Kubernetes Dashboard with multi-node Kubernetes on a laptop.
The Kubernetes web based dashboard can make it easy to see the health and activity in your Kubernetes container environment. I'l show you how to run the Kubernetes monitoring dashboard on a local multi-node cluster using this guide. All this work was done on a local machine and not in a cloud environment.
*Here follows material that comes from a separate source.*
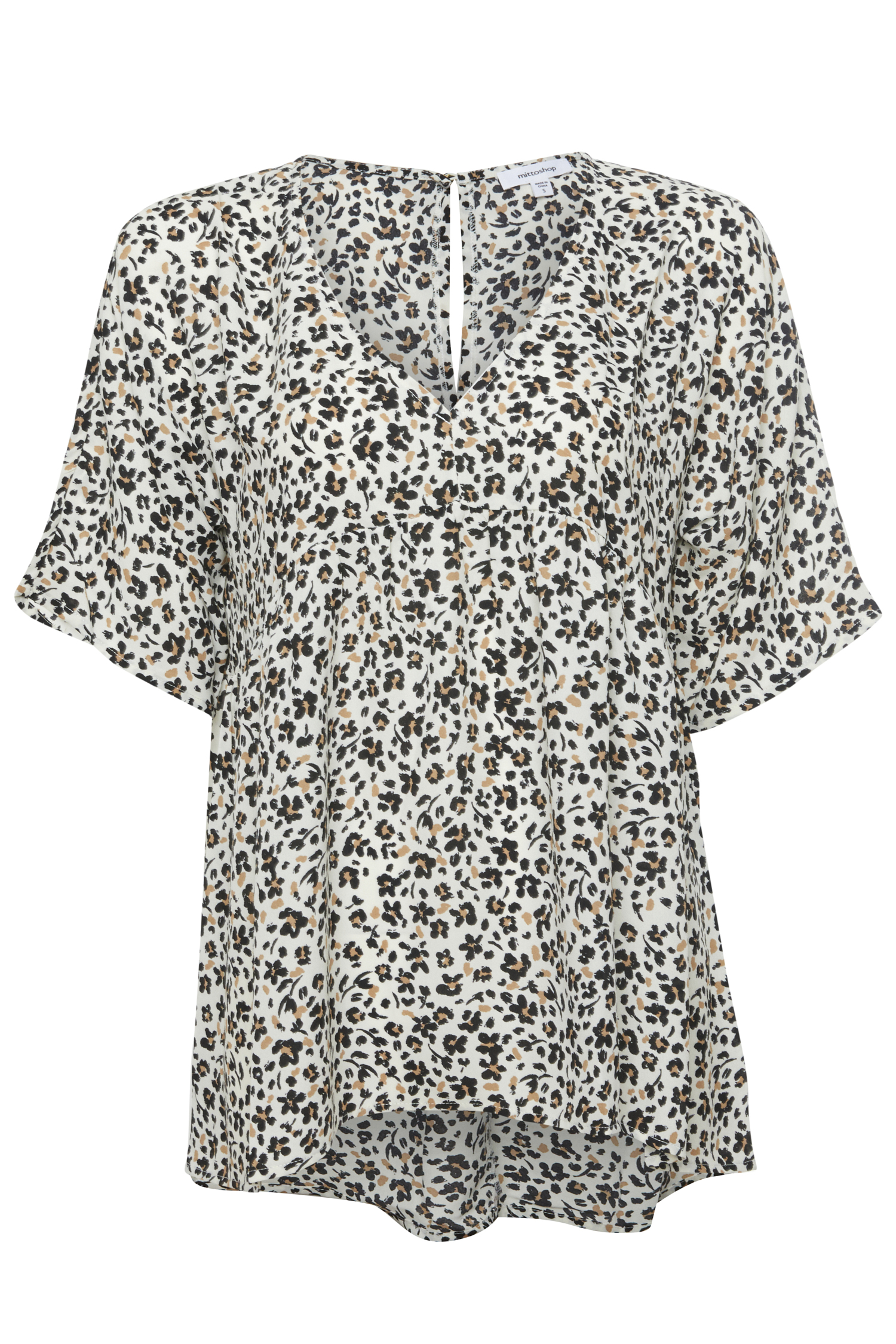 Printed Short Sleeve Babydoll Top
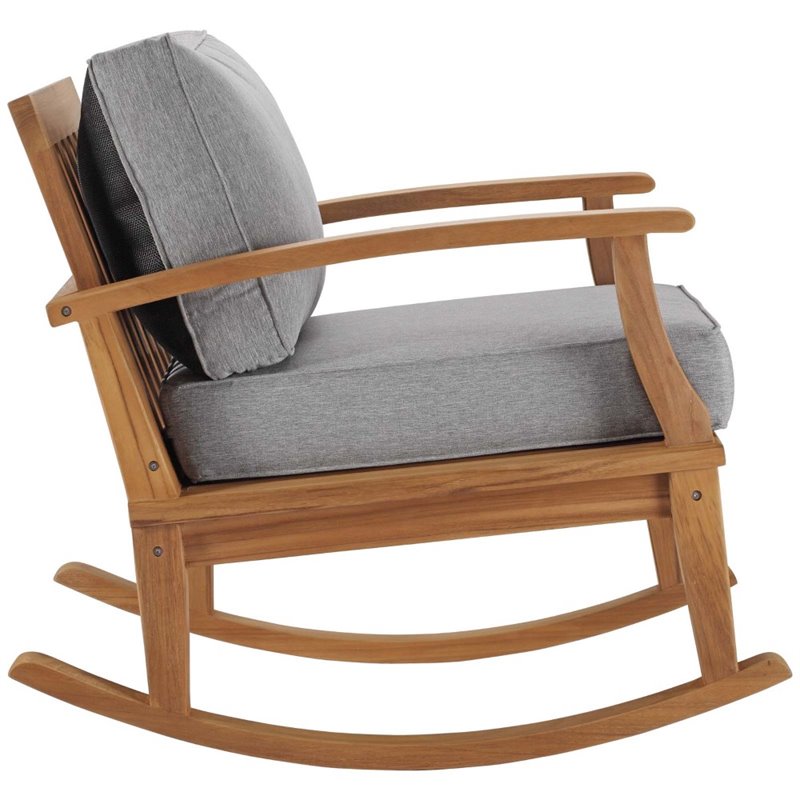 Modway Marina Solid Teak Wood Patio Rocking Chair in Natural and Gray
The Kubernetes container orchestration environment is primarily command line and API based. They do have a graphical dashboard that can be used to surf through your Kubernetes cluster, the deployments and other information. The dashboard is not difficult to install but it does have a few hidden corners.
Topology
We're going to run a 3 worker node Kubernetes cluster. We'll deploy 6 replicant copies of Nginx into the cluster along with the dashboard components. Note that the dashboard installs agents into each of the nodes.
Video
Install Docker, Kubernetes, and Kind. Then deploy containers
You must have Docker and Kubernetes installed. You get more interesting information if you have at least one application deployed. This walk-through creates a Multi-node Kubernetes cluster on a single machine with Docker-in-Docker. You can do all of this with fewer steps using Docker Desktop and its Kubernetes integration. That would give you a single-node Kubernetes cluster.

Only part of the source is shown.